The picture above is of my great-grandfather, William Franklin Clemons, who was one of the early ministers in Bartlesville and his son, my grandfather. If you have time and want to go back in time, my great grandfather’s journal from the year 1900 is a fascinating read.
This article ran today in the Bartlesville Examiner-Enterprise and caught me by surprise as I thought the writer needed a few more weeks to find anything worthy of reporting on some of my work.
I don’t have a copy but I hear from some other Bartlesville residents that there is a nice picture of Lawrence Wilkerson and me having lunch at Restaurant Kolumbia in D.C. (I highly recommend it — not only because of the food but because you can actually ‘hear’ the person you are having lunch with and not be overwhelmed by the clatter and chatter echo chambers that so many modern restaurants have become).
So, a shout out to those in Bartlesville who have been supportive of my crusades. It’s a conservative place, but people there have always been open to hearing my less predictable takes on political issues and foreign policy.
And of course…I need to say…hi Mom!
Also, I want to thank the three groups I met in the Bay area — one group of bloggers and blog fans at Berkeley, another in North Beach, and then the members of the San Francisco Committee on Foreign Relations last night. One loyal TWN reader, Kim, was kind enough to work her way into the dinner and pay the rather steep price for the meal. It was a pleasure to meet all of you.

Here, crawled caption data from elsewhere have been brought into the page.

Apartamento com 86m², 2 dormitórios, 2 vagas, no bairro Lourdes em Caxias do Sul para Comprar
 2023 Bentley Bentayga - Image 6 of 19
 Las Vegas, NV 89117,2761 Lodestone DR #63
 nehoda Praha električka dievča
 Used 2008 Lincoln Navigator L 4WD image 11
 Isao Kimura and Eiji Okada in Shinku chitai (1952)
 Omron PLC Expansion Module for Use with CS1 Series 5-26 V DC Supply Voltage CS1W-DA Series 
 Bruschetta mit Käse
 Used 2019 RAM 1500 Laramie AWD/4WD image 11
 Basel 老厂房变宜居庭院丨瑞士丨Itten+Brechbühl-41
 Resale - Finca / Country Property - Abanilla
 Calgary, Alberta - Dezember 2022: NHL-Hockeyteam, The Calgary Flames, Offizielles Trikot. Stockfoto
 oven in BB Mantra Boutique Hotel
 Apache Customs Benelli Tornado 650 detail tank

To be completely self-critical, I found my blogger conversations more focused, gritty, and really fascinating communal learning exercises.
I’m usually on fire in my talks and fairly focused — but I think I was too broad and unfocused until questions before the hyper-distinguished crowd (federal judges, academics, former ambassadors, vineyard owners, top SF city managers. . .a very informed and capable group of folks) I had dinner with. I think it still went well, but it just reminds me that this country’s population is very diverse, and people are in very different places when they approach the big questions of American power in the world, what to do with it, and what our limits and opportunities are.
In any case, a great two days in California. Thanks to all.